Join Log in
Score:5
Hendi avatar Crypto

Reverse engineering hardware crypto processor for modular multiplication

se flag
Hendi

I'm currently working with an undocumented crypto offload processor that is capable of accelerating modular multiplication in some fashion. I need to figure out what operation it is implementing exactly in order to emulate it in software.

The hardware has four big integer inputs:

  • Multiplicand $a$
  • Multiplier $b$
  • Modulus $p$
  • Unknown value, let's call it $q$

The output is a single big integer $r$ of the same or lower bit length as $p$.

In practice, the software that uses this hardware function always sets $q = p$.

Here's some example values that I tried:

For the following, assume p = q = 0xFFFFFFFF00000001000000000000000000000000FFFFFFFFFFFFFFFFFFFFFFFF (NIST P-256 modulus).

a = 1, b = 1, r = 0xFFFFFFFE00000003FFFFFFFD0000000200000001FFFFFFFE0000000300000000

a = 3, b = 3, r = 0xFFFFFFF60000001BFFFFFFE50000001200000009FFFFFFEE0000001B00000008

a = 123, b = 123, r = 0xFFFFC4E60000B14BFFFF4EB50000763200003B19FFFF89CE0000B14B00003B18

Interestingly the least significant bits always contain the "correct" result minus one, and in the middle of the integer there's the result I'd normally expect in the least significant bits (with the rest of the integer being 0).

I suspect that Montgomery Multiplication may in some form be playing into this. I noticed that when the software does computations in $\Bbb F_p$ for ECC, it first multiplies $a$ with some other number to produce $c$, and then it computes $r = cb$.

That other number is 0x00000004FFFFFFFDFFFFFFFFFFFFFFFEFFFFFFFBFFFFFFFF0000000000000003 in case of the NIST P-256 modulus. If I multiply by that as an intermediate step, I get the correct multiplication result from the hardware.

So my question would be, does anyone have an intuition what exact operation is implemented here and if a library like OpenSSL's libcrypto can be used to perform it?

583
1 + 0
Score:6
fgrieu avatar Crypto
ng flag
fgrieu

The numbers are consistent with the hypothesis that this hardware allows Montgomery modular multiplication of $a$ and $b$ modulo $p$ for (at least some) odd 256-bit $p$. Meaning it computes a 256-bit quantity $r$ with $$r\equiv k\cdot a\cdot b\pmod p\quad\text{where}\ k=2^{-256}\bmod p$$

With the given $p$, it holds $$k=\mathtt{fffffffe00000003fffffffd0000000200000001fffffffe0000000300000000}$$

In the three examples, it further holds $r=k\cdot a\cdot b\bmod p$ (that is $r<p$ on top of the above), but I can't tell if that always hold. That would require the hardware to perform more than the standard Montgomery modular multiplication. For a description of that see Handbook of Applied Cryptography algorithm 14.36, which I detail here.

The question's other number is $2^{2\cdot 256}\bmod p$, so that the procedure described computes a Montgomery representative $r$ of $a$, that is a 256-bit $r$ with $r\equiv2^{256}\cdot a\pmod p$.

When it comes to convert back from Montgomery form to regular representation, the device can be used with one of it's input set to $1$. The output is then some $r$ congruent modulo $p$ to the desired integer. Or perhaps the device further ensures $r<p$, but again we can't tell from the examples available.

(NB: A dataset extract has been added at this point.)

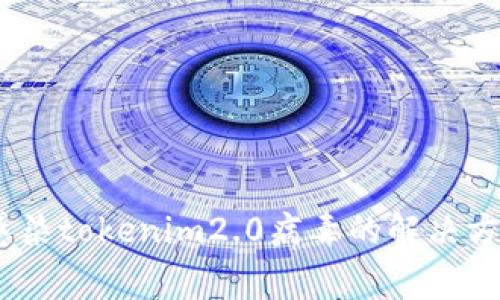 警惕！手机被感染tokenim2.0病毒的解决方案与预防措施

I have no idea what $q$ could be, or what happens when $q\ne p$, or when $p$ is even, or if the device has further restrictions like requiring more than one low-order bit of $p$ to be set, or if it can be used with arguments of different width.

These details make it uncertain if and when OpenSSL's internal function bn_mul_mont (or it's many variations) can be used to perform the same thing. Notice that needs extra code to compute n0, as $(-p)^{-1}\bmod 2^{256}$ in the question's context.

If the goal is virtualization to run unspecified software, then said details matter. If the goal is maintenance of an identified software, then instead I'd consider understanding the interface of the functions using that hardware at some higher level in the software stack, like point multiplication $x\cdot P$ (and similar: $x\cdot P+y\cdot Q$ per Shamir's trick), and perhaps a regular modular multiplication modulo the group order. Or at the next higher abstraction level, like ECDSA and ECDH.

+ 0
ธงชาติไทย
Elon Musk
I sit in a Tesla and translated this thread with Ai:

mangohost

Post an answer

Most people don’t grasp that asking a lot of questions unlocks learning and improves interpersonal bonding. In Alison’s studies, for example, though people could accurately recall how many questions had been asked in their conversations, they didn’t intuit the link between questions and liking. Across four studies, in which participants were engaged in conversations themselves or read transcripts of others’ conversations, people tended not to realize that question asking would influence—or had influenced—the level of amity between the conversationalists.